### Assignment
With the images left out, print every entry that follows exactly.

======== Extracted entries

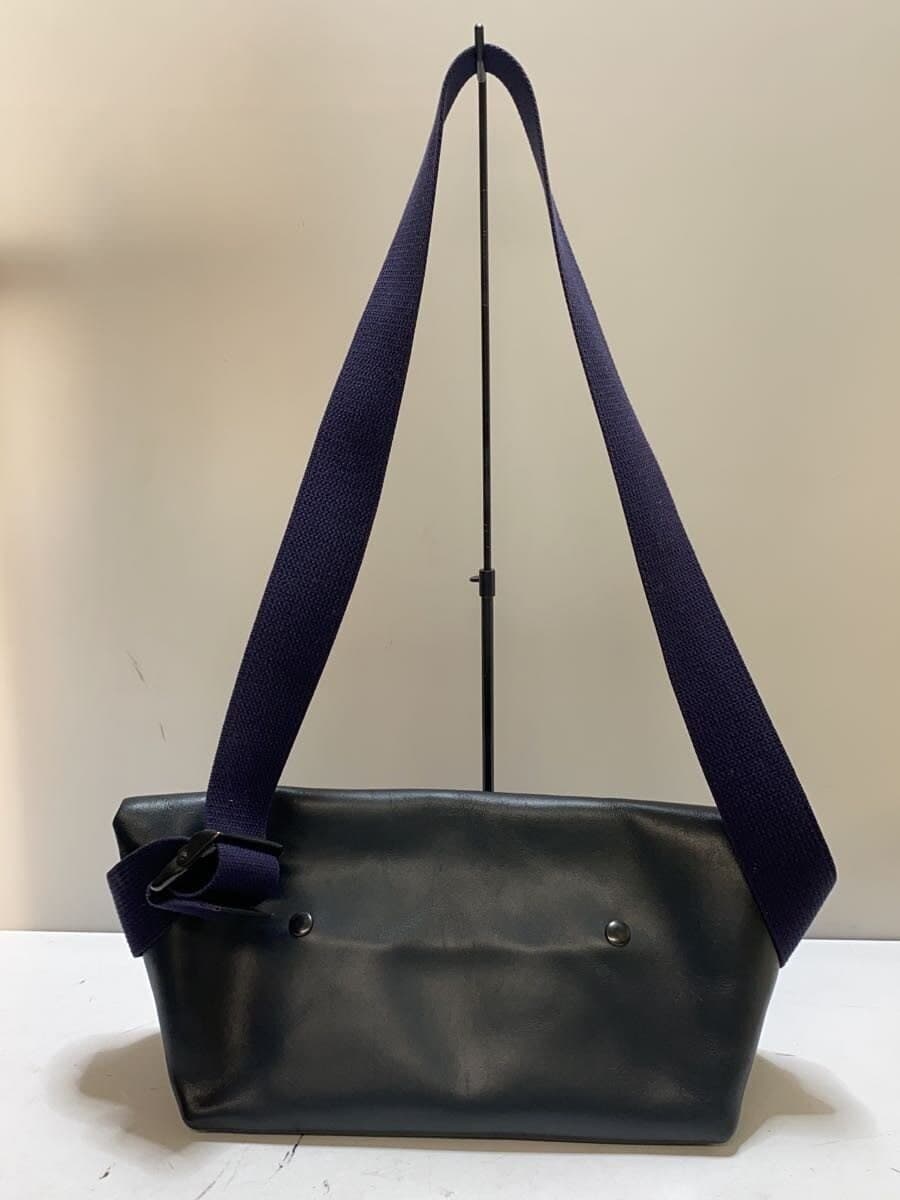 Uni&co Shoulder Bag Leather BLK 3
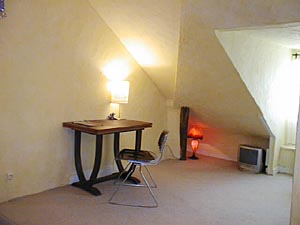 Paris Studio/T1 appartements location vacances - s&eacute;jour (PA-1194) photo 3 de 8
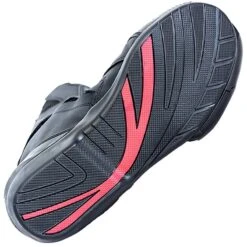 Richa Drift Evo Motorcycle Boots (Black/Grey/Red) -Motorcycle Equipment Store 30970 5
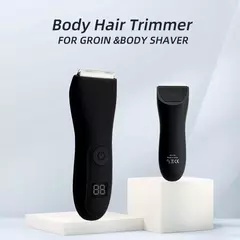 Mens Body Hair Trimmer para homens Bolas Mulheres Lady Shaver Depilação Bikini Trimmer Virilha Body Shaver Groomer Arm Beard Razor - loja online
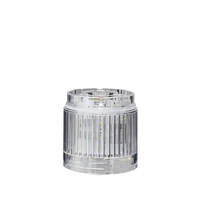 PATLITE LR5-E-C alarmverlichting Vast Wit LED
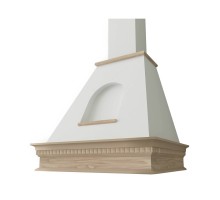 Вытяжка кухонная LEX ANCONA 600 White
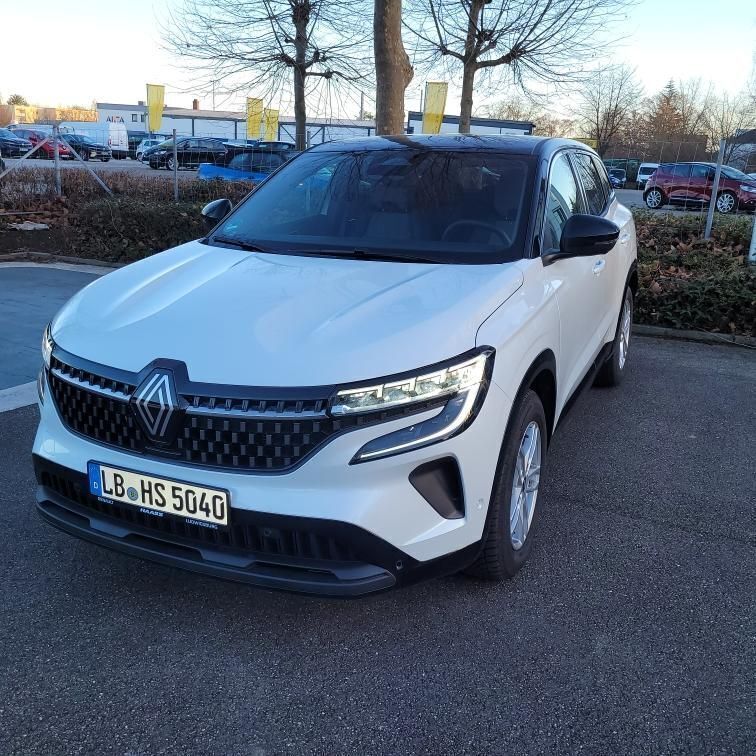 Perlmuttweiss metallic/dach i Gebraucht 2022 Renault Austral Techno SUV | 29.990 € (Fairer Preis) - Bild 1/4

================

### Reply to the task
 Uni&co Shoulder Bag Leather BLK 3
 Paris Studio/T1 appartements location vacances - s&eacute;jour (PA-1194) photo 3 de 8
 Richa Drift Evo Motorcycle Boots (Black/Grey/Red) -Motorcycle Equipment Store 30970 5
 Mens Body Hair Trimmer para homens Bolas Mulheres Lady Shaver Depilação Bikini Trimmer Virilha Body Shaver Groomer Arm Beard Razor - loja online
 PATLITE LR5-E-C alarmverlichting Vast Wit LED
 Вытяжка кухонная LEX ANCONA 600 White
 Perlmuttweiss metallic/dach i Gebraucht 2022 Renault Austral Techno SUV | 29.990 € (Fairer Preis) - Bild 1/4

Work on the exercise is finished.